Introduction

Extant theoretical models and empirical evidence indicate that body dissatisfaction (BD), the negative subjective evaluation of one’s shape [1], plays a key role in the onset and maintenance of binge eating (BE) pathology. BD has historically been conceptualized and treated as relatively stable, dispositional tendency of individuals with BE pathology to negatively evaluate their body shape. This typical approach to characterizing BD can be defined as trait BD (defined as a stable and unchanging characteristic that is transferable across a wide range of contexts [2]). Consequently, associations between BD and BE have mostly been tested using trait-like measures of BD and longer term assessments of BE (e.g., the Eating Disorder Examination [3]).

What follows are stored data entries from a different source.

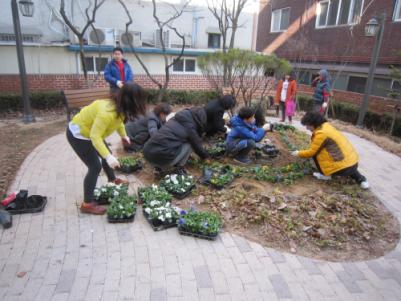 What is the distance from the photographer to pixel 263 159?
5.24 meters

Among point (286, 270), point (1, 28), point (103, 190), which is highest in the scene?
point (1, 28)

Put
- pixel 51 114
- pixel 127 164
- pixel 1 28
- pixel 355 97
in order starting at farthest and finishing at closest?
pixel 1 28 < pixel 355 97 < pixel 51 114 < pixel 127 164

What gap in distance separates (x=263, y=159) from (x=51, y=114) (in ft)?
22.4

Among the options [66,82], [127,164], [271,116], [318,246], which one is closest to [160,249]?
[318,246]

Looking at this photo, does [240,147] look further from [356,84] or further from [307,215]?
[356,84]

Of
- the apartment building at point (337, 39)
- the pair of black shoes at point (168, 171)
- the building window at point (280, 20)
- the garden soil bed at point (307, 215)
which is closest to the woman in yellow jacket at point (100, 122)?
the garden soil bed at point (307, 215)

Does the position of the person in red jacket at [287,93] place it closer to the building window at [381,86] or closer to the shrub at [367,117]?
the shrub at [367,117]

Emerging data from ecological momentary assessment (EMA) studies have shown that BD may be better conceptualized as a fluid construct that varies across time and contexts (i.e., state BD) [3, 4]. Studies have found that individuals often experience variability in state BD characterized by changing levels of BD within a single day in response to different contexts [3,4,5]. For instance, a recent study that assessed state BD over 2 weeks of EMA in a non-clinical sample using a 11-point Likert scale found a notable average within-person variation of 4 points between any two consecutive time points [6]. Variability in BD has been shown to arise due to a variety of internal (e.g., stress levels) and contextual factors (e.g., social settings) [7]. Although evidence suggests that state BD is variable in non-clinical samples, it is currently unknown whether individuals with eating disorders (EDs), who have elevated trait BD compared to the general population, also experience variability in BD. If BD is variable within an ED population, this could change how we conceptualize the role of BD in the etiology and maintenance of BE pathology. While trait BD is commonly viewed as a distal risk factor for BE pathology broadly, state variations in BD may be a proximal risk factor for BE episodes.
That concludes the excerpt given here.